Carneiro Leticia A M, Travassos Leonardo H, Soares Fraser, Tattoli Ivan, Magalhaes Joao G, Bozza Marcelo T, Plotkowski Maria C, Sansonetti Philippe J, Molkentin Jeffery D, Philpott Dana J, Girardin Stephen E
Department of Laboratory Medicine and Pathobiology, University of Toronto, Toronto, Ontario, Canada.
Cell Host Microbe. 2009 Feb 19;5(2):123-36. doi: 10.1016/j.chom.2008.12.011.

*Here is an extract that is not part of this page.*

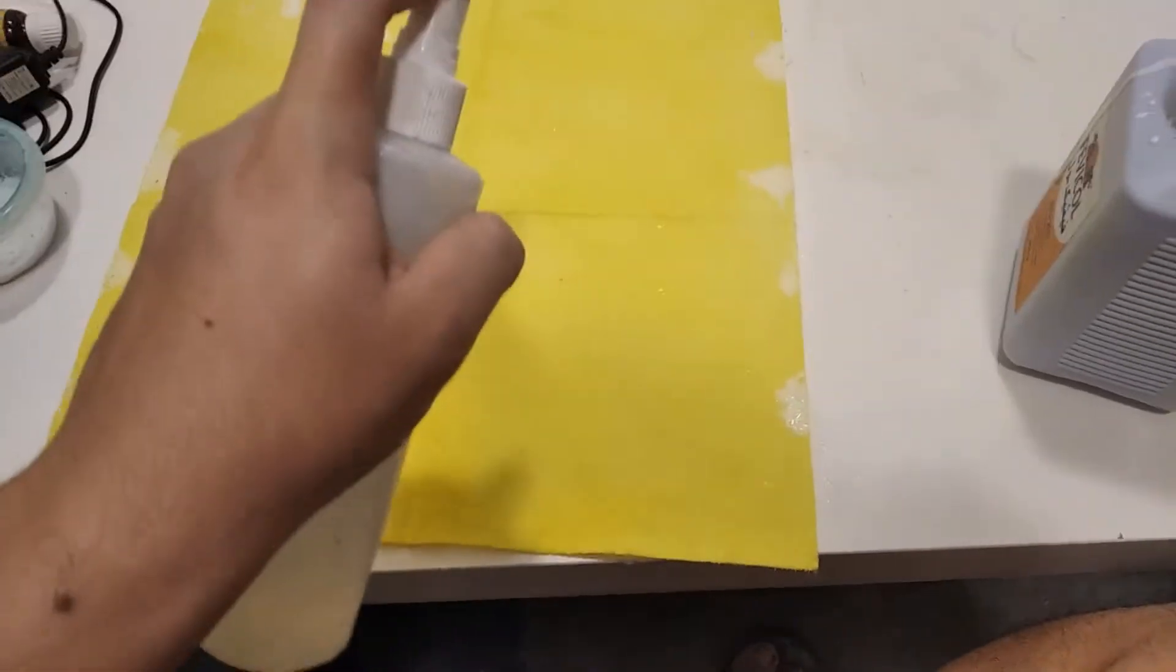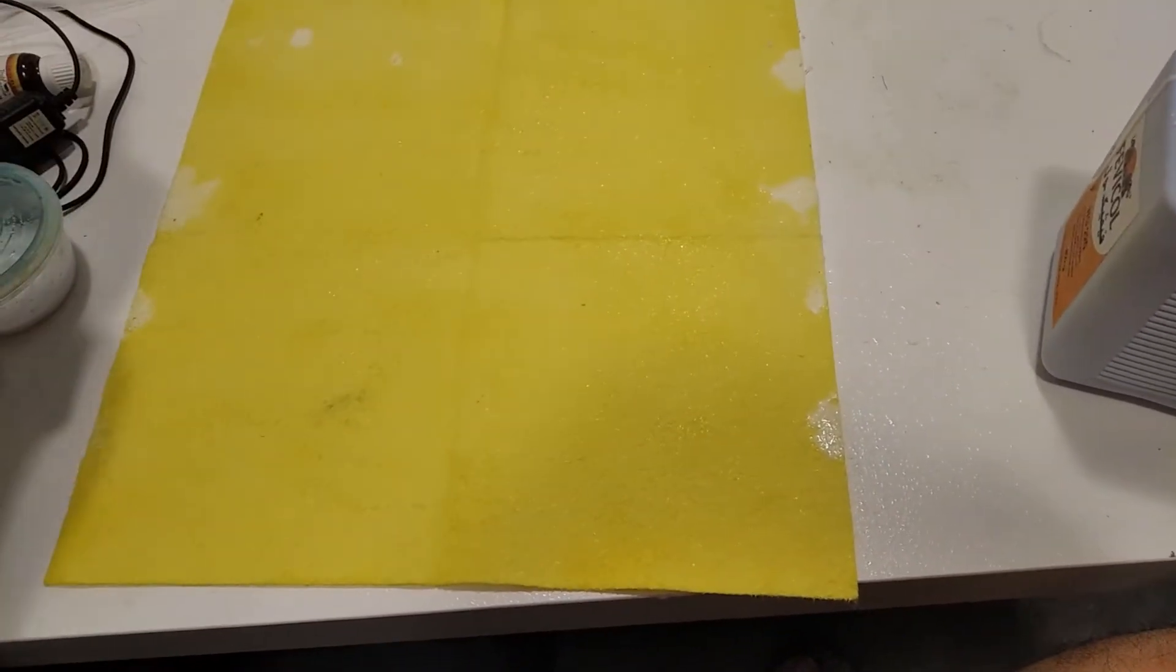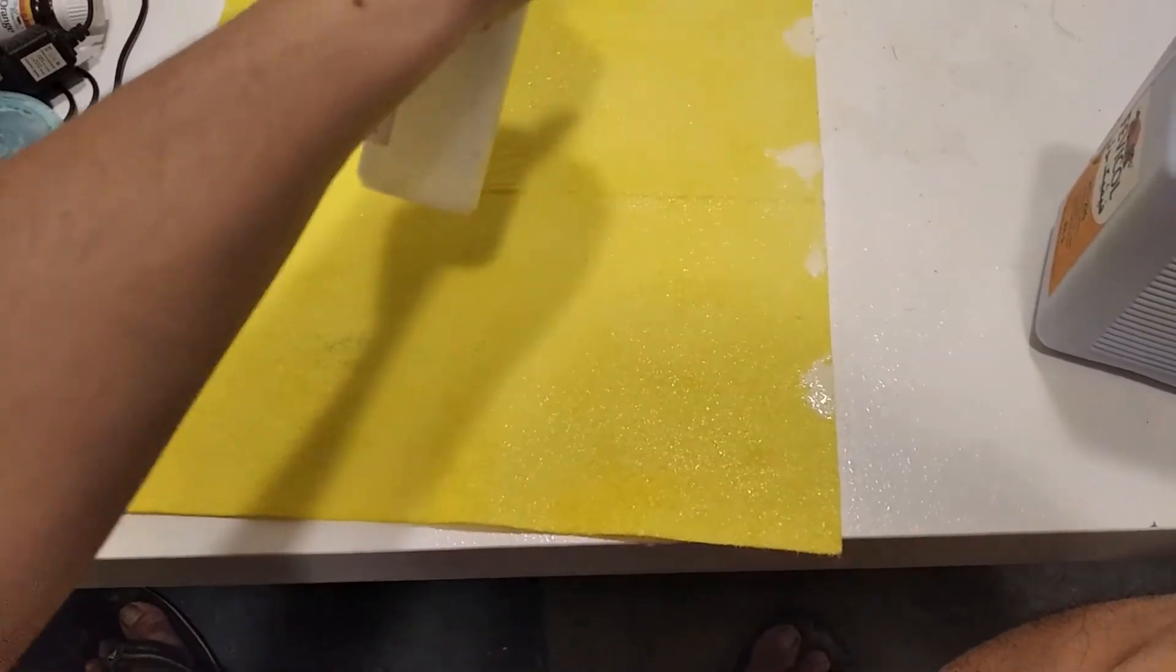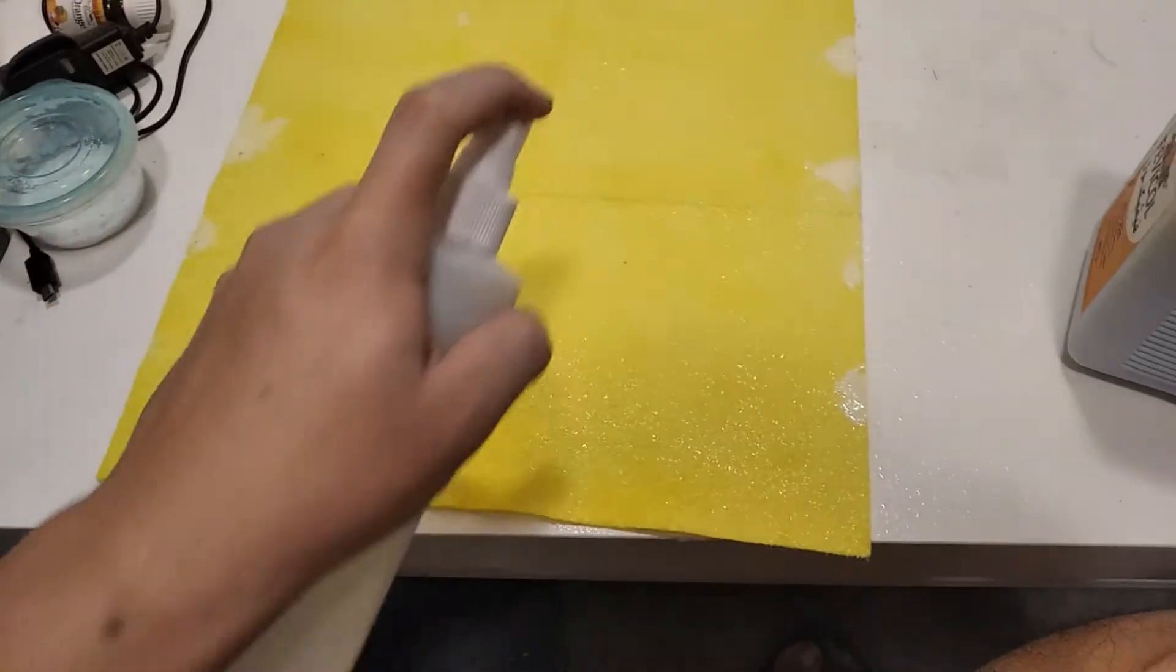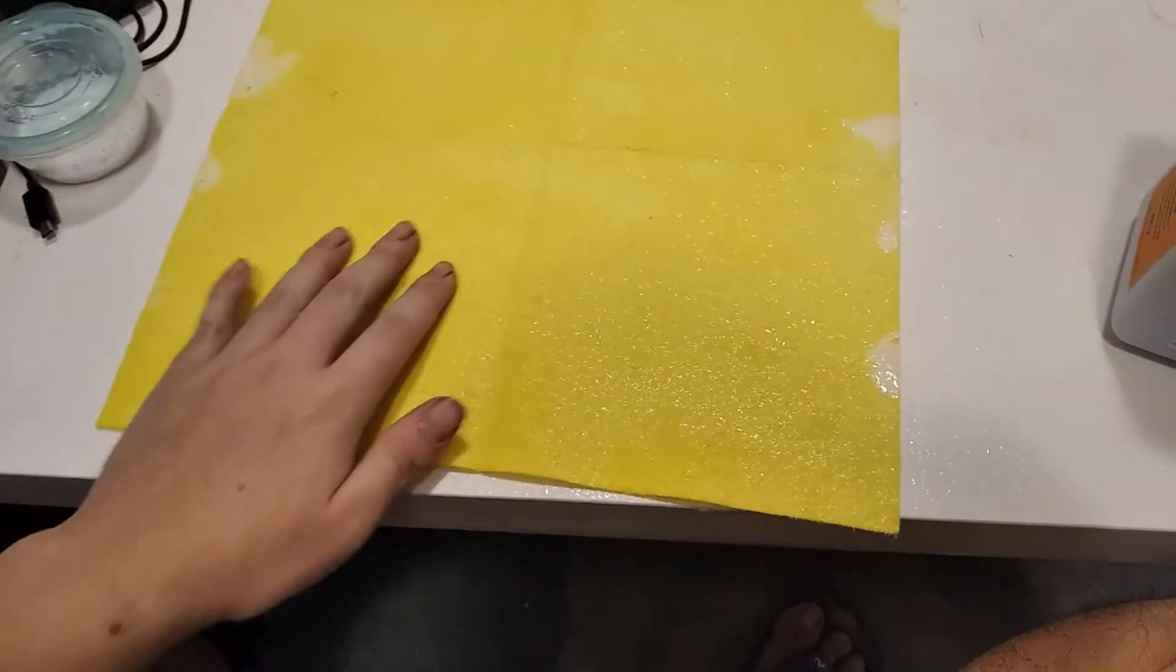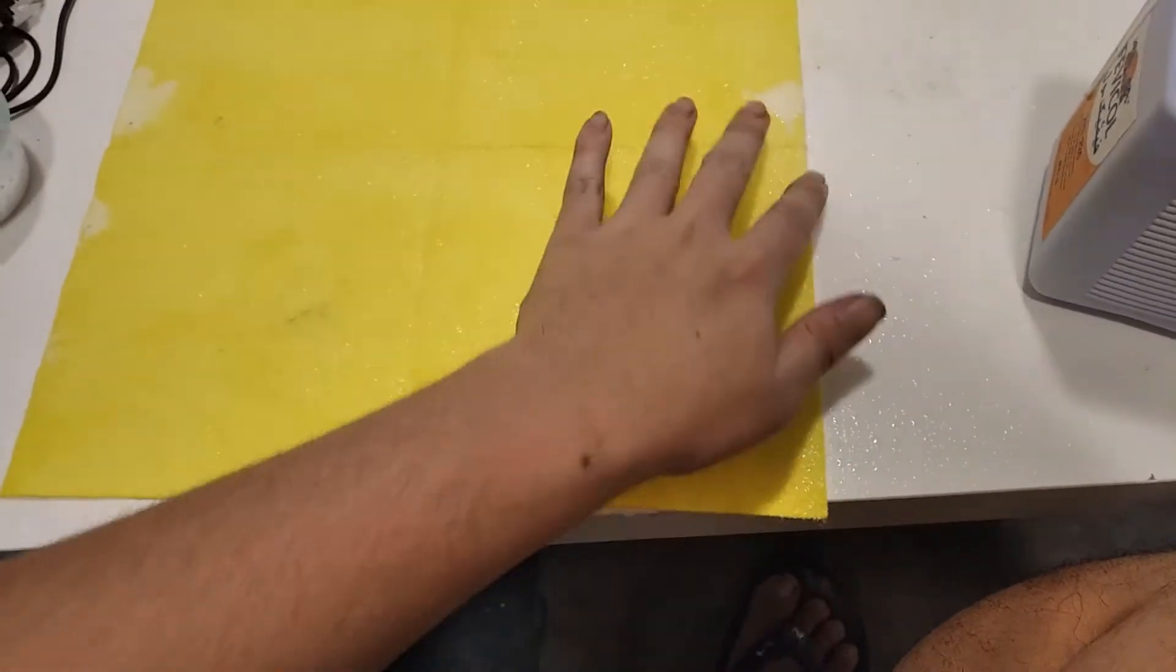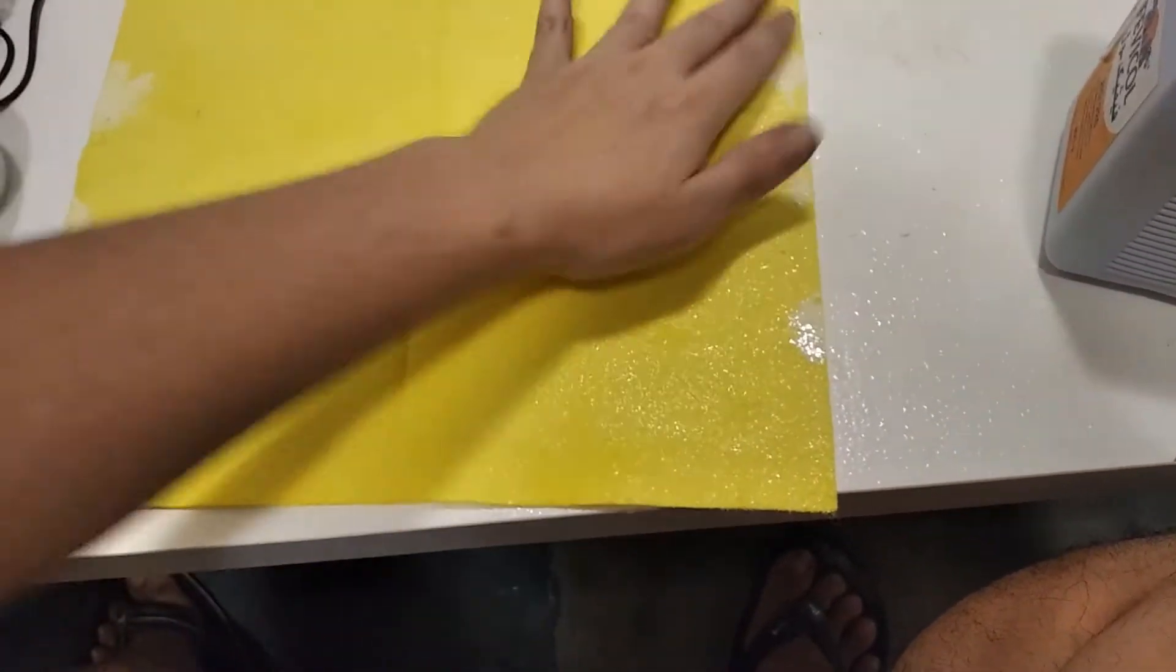As you can see, you're noticing that it actually turns clear. That's because you're cross-linking the borates using borax. You're cross-linking the PVA with borates. Now you can touch it. It's turned into some type of gel, which is what you want.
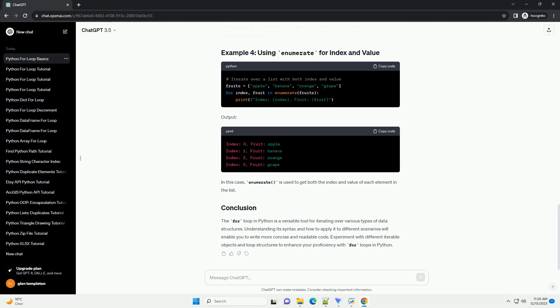Using for loops within functions allows you to automate repetitive tasks and process elements in a sequence efficiently. This tutorial covered the basics of for loops in Python functions with practical examples. Experiment with these concepts and integrate them into your own projects for enhanced functionality.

Shigella rapidly kills myeloid cells via a caspase-1 inflammasome-dependent cell death mechanism. However, despite a critical role for nonmyeloid cells in the physiopathology of Shigella infection, the mechanism by which Shigella kills nonmyeloid cells remains uncharacterized. Here we demonstrate that, in nonmyeloid cells, Shigella infection induces loss of mitochondrial inner membrane potential, mitochondrial damage, and necrotic cell death through a pathway dependent on Bnip3 and cyclophilin D, two molecules implicated in the host oxidative stress responses. This mitochondrial cell death mechanism was potently counterbalanced by a Nod1-dependent Rip2/IKKbeta/NF-kappaB signaling pathway activated by the pathogen in the first hours of infection. Our results suggest that in nonmyeloid cells, oxidative stress pathways and signaling triggered by an intracellular bacterial pathogen are tightly linked and demonstrate the existence of specific Shigella-induced prodeath and prosurvival pathways converging at the mitochondria to control a necrotic cell death program.
志贺氏菌通过一种依赖半胱天冬酶-1炎性小体的细胞死亡机制迅速杀死髓样细胞。然而,尽管非髓样细胞在志贺氏菌感染的生理病理学中起关键作用,但志贺氏菌杀死非髓样细胞的机制仍未明确。在此,我们证明,在非髓样细胞中,志贺氏菌感染通过一条依赖Bnip3和亲环蛋白D的途径诱导线粒体内膜电位丧失、线粒体损伤和坏死性细胞死亡,这两种分子与宿主氧化应激反应有关。在感染的最初几个小时,病原体激活的一种依赖Nod1的Rip2/IKKβ/NF-κB信号通路有效地抵消了这种线粒体细胞死亡机制。我们的结果表明,在非髓样细胞中,细胞内细菌病原体触发的氧化应激途径和信号传导紧密相连,并证明存在特定的志贺氏菌诱导的促死亡和促存活途径,它们在线粒体处汇聚以控制坏死性细胞死亡程序。